Multi-person scenes are where most photoreal NSFW models break. You ask for "two people in bed" and you get conjoined twins with three arms, or a single person with two heads, or two people who share a torso. This isn't a bug — it's a known limitation of how SDXL allocates attention. With the right prompt patterns you can dramatically reduce the failure rate.

This guide is specific to bigASP v2.5 and other SDXL-based realism checkpoints. FLUX handles multi-person much better out of the box.

Why bodies merge

SDXL has a single attention map that has to represent the entire scene. When two subjects overlap spatially in the prompt's mental model, the model has trouble keeping their token attention separate. By default, it favors merging because:

Training data bias — most adult content is single-person, so the "two distinct people" pattern is rarer in training
Attention dilution — describing two people doubles the descriptive tokens, diluting each one's signal
No native pose conditioning — SDXL doesn't know "two bodies = two skeletons" the way ControlNet does

The 5 patterns below all address one or more of these.

Pattern 1: Set count explicitly, early

The single most impactful change: put two adults (or three adults) at the start of your prompt, before any other descriptors.

- man and woman intimate scene in bedroom
+ two adults, intimate scene, man and woman, in bedroom

two adults at position 1 hits the model's attention layer at full weight. Putting it later (after color, hair, etc.) lets dilution kick in. Same trick works for groups: three adults, four adults.

Why "adults" and not "people": "people" is more generic, "adults" excludes children and sets the SDXL adult-content frame simultaneously.

Pattern 2: Spatial language — say where each is

Generic "couple in bed" gives the model freedom to merge. Explicit spatial relationships block merging:

- two adults having sex on bed
+ two adults, woman lying on back on bed, man kneeling between her legs, missionary position

- couple intimate on couch
+ two adults, woman straddling man, both facing each other, on living room couch

The model can render "woman on top" or "man behind" because these are common training-tag concepts.

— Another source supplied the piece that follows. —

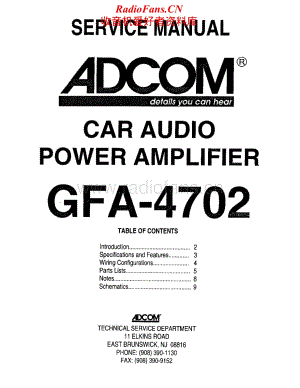 Adcom-GFA4702-cpwr-sm维修电路原理图.pdf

It can't render "couple sex" because that's ambiguous.

Spatial templates (use one):

[A] lying on back, [B] on top (missionary)
[A] kneeling behind [B] (rear-entry)
[A] straddling [B] (cowgirl)
[A] facing away from [B] (back-to-back / reverse)
[A] kneeling between [B]'s legs

Pattern 3: Short descriptors per person (the "one breath" rule)

Each person gets one short clause, not three sentences. The more you describe each, the more the model dilutes attention:

- two adults, beautiful asian woman with long black hair and dark eyes wearing nothing,
  muscular caucasian man with brown hair and beard wearing nothing,
  having intimate sex on a bed in a hotel room with soft warm lighting
  
+ two adults, asian woman, long black hair, nude, on bed, missionary position,
  caucasian man on top, athletic build, hotel bedroom, evenly lit

Notice the second version uses 30% fewer words and gives the model less to dilute. Less is more for multi-person.

Pattern 4: Use negative prompts for merging

The single most effective negative prompt addition for multi-person scenes:

merged bodies, conjoined bodies, body fusion, fused limbs, body merging,
two heads on one body, multiple heads, siamese twins, fused faces, merged faces,
overlapping bodies, three arms, three legs, extra limbs, extra heads

Add this specifically to multi-person prompts. ximages auto-applies a baseline that includes most of these, but for tough scenes you can layer more in the user negative field.

Pattern 5: Aspect ratio matters

Wider canvas = better multi-person separation. Vertical 9:16 squeezes two bodies into less width, increasing collision likelihood. Use:

3:4 or 4:3 — best for couples
16:9 — best for 3+ people
1:1 — works for tight close-ups but tough for full-body
9:16 — works for single-person; struggles with 2+ side-by-side

If you're getting merging with vertical compositions, swap to horizontal and regenerate with the same prompt. Often that alone fixes it.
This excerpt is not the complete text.